[INPUT DATA]:
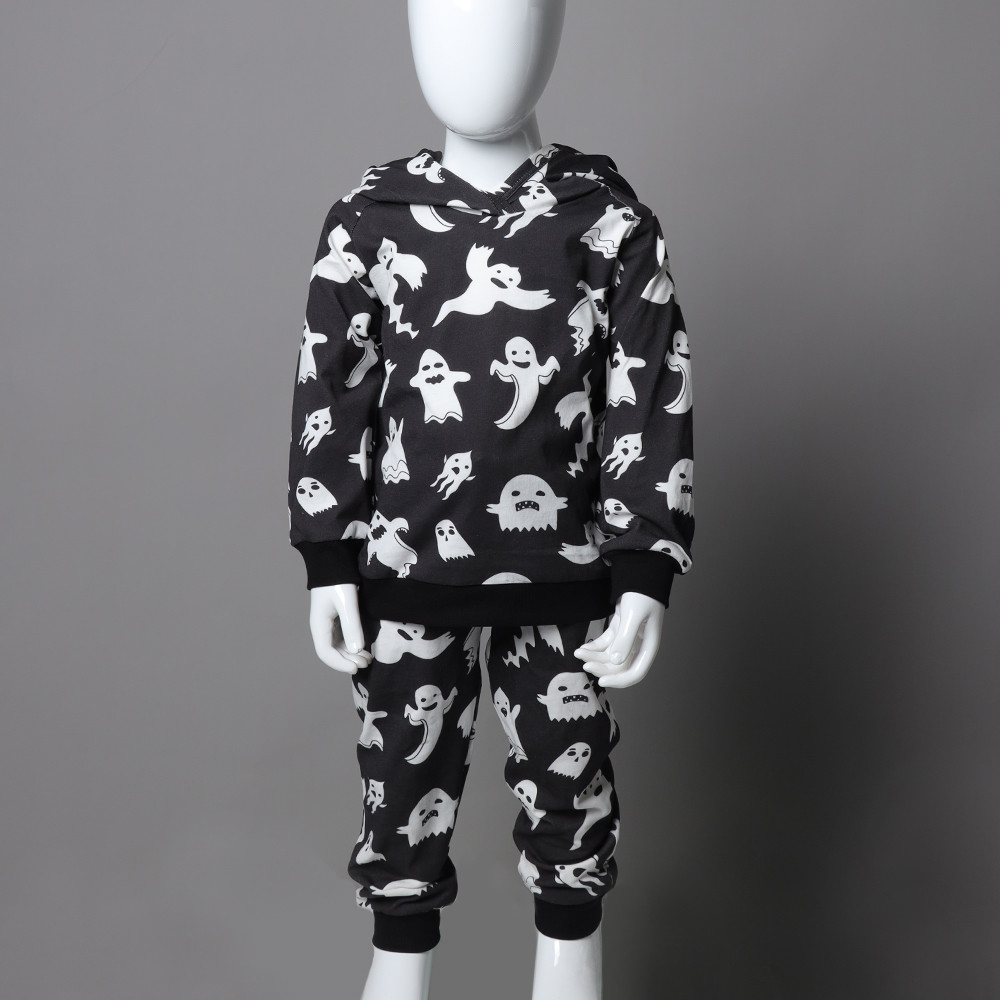 100% Cotton Full Print Pullover Sweat Shirt For Halloween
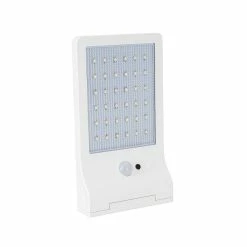 De gros 👍 Lampe LED Solaire ASLO 3W 370 Lumens LI ION 6000K Applique Blanc exterieure avec detecteur de mouvement 😀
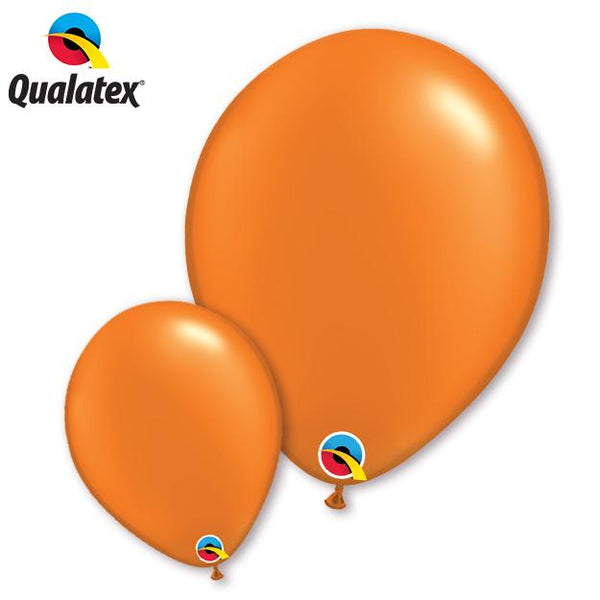 Qualatex Pearl Mandarin Orange - LA Balloons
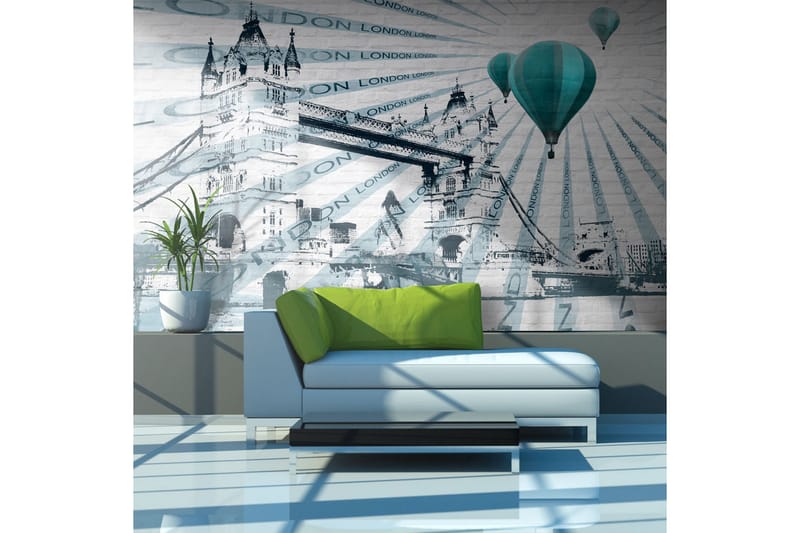 Fototapet Ballongflygning Över Tower Bridge 400x309 - Artgeist sp. z o. o. - Inredning & dekor - Väggdekor - Tapeter & tapettillbehör - Fototapeter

[EXERCISE REQUIREMENTS]:
Repeat the lines above exactly, and keep every picture out.

[EXERCISE OUTPUT]:
 100% Cotton Full Print Pullover Sweat Shirt For Halloween
 De gros 👍 Lampe LED Solaire ASLO 3W 370 Lumens LI ION 6000K Applique Blanc exterieure avec detecteur de mouvement 😀
 Qualatex Pearl Mandarin Orange - LA Balloons
 Fototapet Ballongflygning Över Tower Bridge 400x309 - Artgeist sp. z o. o. - Inredning & dekor - Väggdekor - Tapeter & tapettillbehör - Fototapeter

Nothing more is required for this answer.